Dimensions of a box of maximum volume inside an ellipsoid
Solution 1:
Here is a solution without calculus.
As shown in an answer to a similar question some inequalities between means can be useful here. For example, inequality between geometric mean and arithmetic mean or inequality between geometric mean and quadratic mean (a.k.a. root mean square).
We know that for any real numbers $x_{1,2,3}\ge0$ we have $$x_1x_2x_3 \le \left(\frac{x_1+x_2+x_3}3\right)^3. \tag{1}$$ For $x_1=x^2/a^2$, $x_2=y^2/b^2$ and $x_3=z^3/c^3$ we get $$\frac{x^2y^2z^2}{a^2b^2c^2} \le \frac1{27}.$$
Since the volume is $V=8xyz$, we have $$V^2 \le \frac{8^2a^2b^2c^2}{27},$$ i.e. $$V \le \frac{8abc}{3\sqrt3}.$$
Moreover, equality in (1) is attained only for $x_1=x_2=x_3=\frac{x_1+x_2+x_3}3$ which, in our case, gives $\frac xa = \frac yb = \frac zc = \frac1{\sqrt3}$. (We get this from $x_1=x_2=x_3=\frac{x^2}{a^2}=\frac{y^2}{b^2}=\frac{z^2}{c^2}=\frac13$.)

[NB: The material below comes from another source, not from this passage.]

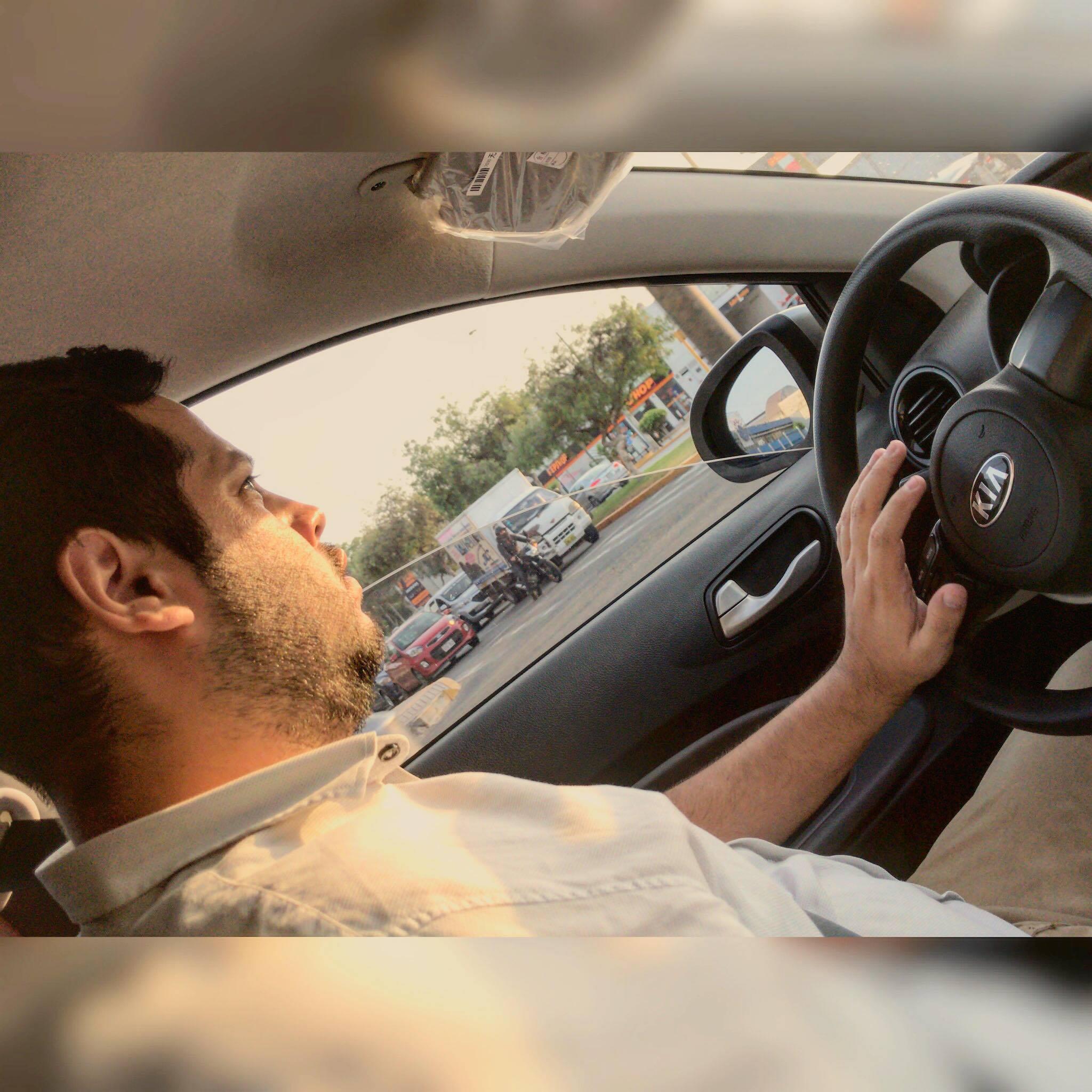 <strong>Daniel R.</strong>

For more about inequalities of various mean see, for example:
- Root-Mean Square-Arithmetic Mean-Geometric Mean-Harmonic mean Inequality at AoPS
- Inequality of arithmetic and geometric means at Wikipedia
- Proofs of AM-GM inequality
Solution 2:
Probably the ellipsoid is $$ \frac{x^2}{a^2} + \frac{y^2}{b^2} + \frac{z^2}{c^2} = 1 $$ and your solution becomes $x=a/\sqrt{3}$, $y=b/\sqrt{3}$, $z=c/\sqrt{3}$ which gives the correct volume (remember to multiply by $8$, because $x$, $y$ and $z$ are half the sides of the box).